The worst part about being here is I am some how prone to mosquito and bed bug bites. Not just a few, but lots that swell and become excruciatingly itchy. My feet were attacked this time by both. I wore a smokey smelling top to bed that protected my upper body. No one else had problems and no one else had a mosquito net, go figure I actually was the one who had the problems. My feet were ravaged in bites to the point where shoes were incredibly uncomfortable to wear. I used an anti itch cream on them and it burned one into an open sore which never healed since I was constantly going in the ocean. They are healing now that I´m in San Jose and taking better care of my feet, but the bed bugs are still following me, even in clean places.

Cabuya was a really good time, and I almost didn´t go because I really didn´t like Costa Rica when I got here. All the backpackers and obnoxious travelers pissed me off and buses were so crowded I had to sit for hours at a time in the aisle. I did meet a bunch of awesome backpackers mind you, and bonding has happened on every bus ride it seems, but sometimes when I´m walking around and observing behaviors of these other tourists I hear ignorant comments constantly. Americans are really loud. You can hear them a mile away.

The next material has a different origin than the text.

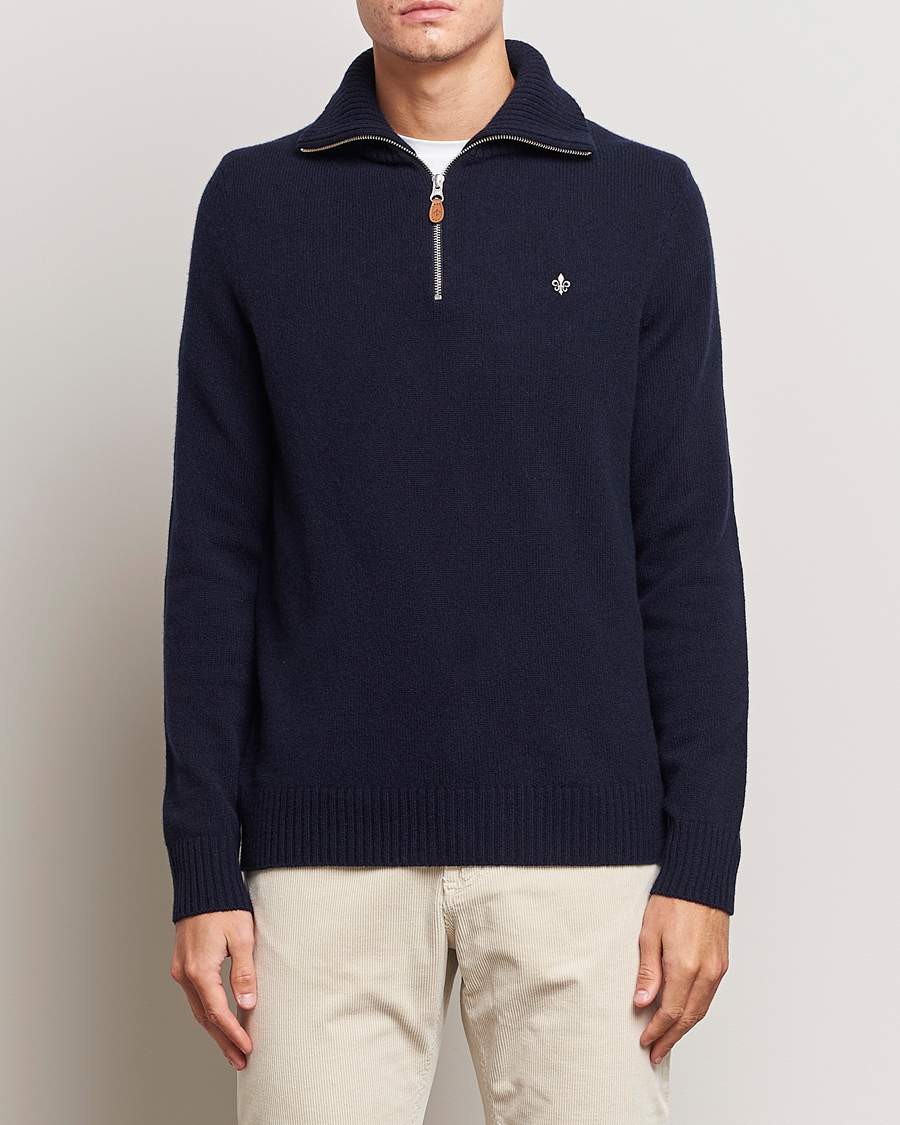 Herren | Pullover | Morris | Newton Half Zip Navy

But I am very glad I went to Rainsong despite its frustrations. I will remember Tarzan and Kinky for the rest of my life (the monkey and Kinkajou). The people were all incredibly amazing and from the most varied backgrounds. I learned a lot about the disrespect seen with wildlife and rainforest in Costa Rica, the governments lack of assistance to preserve or prevent tragedies, and the Costa Rican way of life which is laid back, without time frame, and chummy. Everyone is always greeting everyone else.

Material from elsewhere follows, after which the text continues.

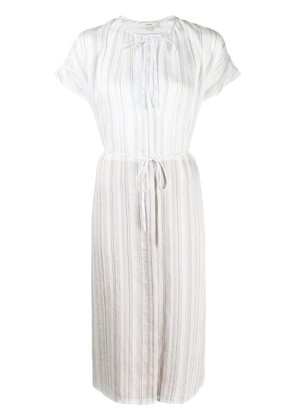 Vince Drapey stripe shirred dress - Blue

There was also an earthquake of 6.1 magnitude 20 miles outside San Jose that happened a few days ago. It WAS on cnn.com cause I read about it there on top of hearing the locals talk about it. People keep telling me they didn´t hear anything about it. 20 some people died and Costa Rica is in a state of emergency because of it, but you wouldnt´t notice being away from where it happened. People just go on with life mentioning it from time to time.

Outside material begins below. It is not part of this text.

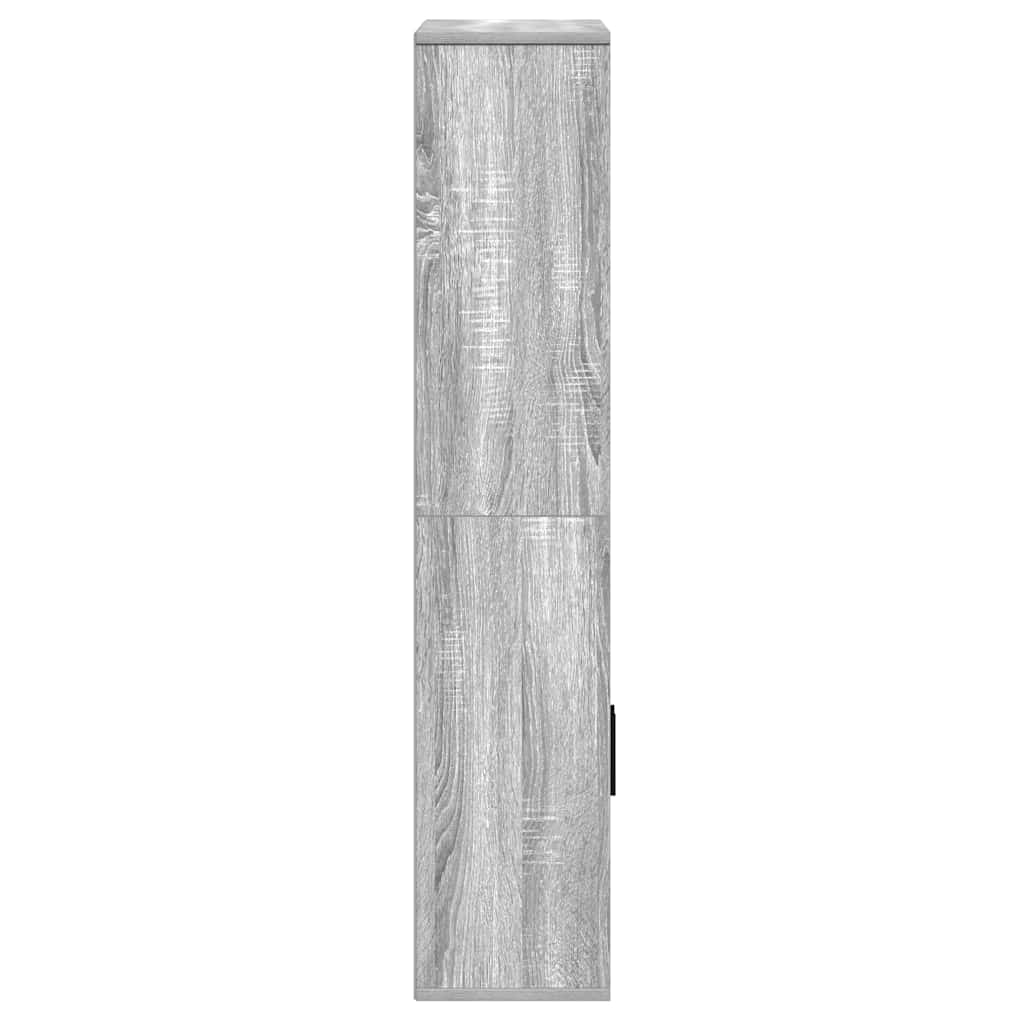 Bibliotecă, gri sonoma, 60x24x120 cm, lemn prelucrat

Aside from the volunteering not much has been done since days are wasted in travel and I am chilling with locals in San Jose. Saves money and allows me to see how every day people live. I am preparing to go to Panama soon and stay a night or two in David, then on to Panama City where I´ll try to find a boat to sail on to Colombia. I have to apologize for how boring I made all this sound, but its hard to sit and right out all the amazing things I´m seeing and experiencing. Computers are hard to sit yourself in front of for long periods of time due to price and just wanting to be out experiencing more. However, I´ll do my best to keep a log for you. I hope everyone had a happy new year and are finding ways to stay warm. Alaska is in the negative double digits right now and it doesn´t sound like Minnesota and Wisconsin are much better.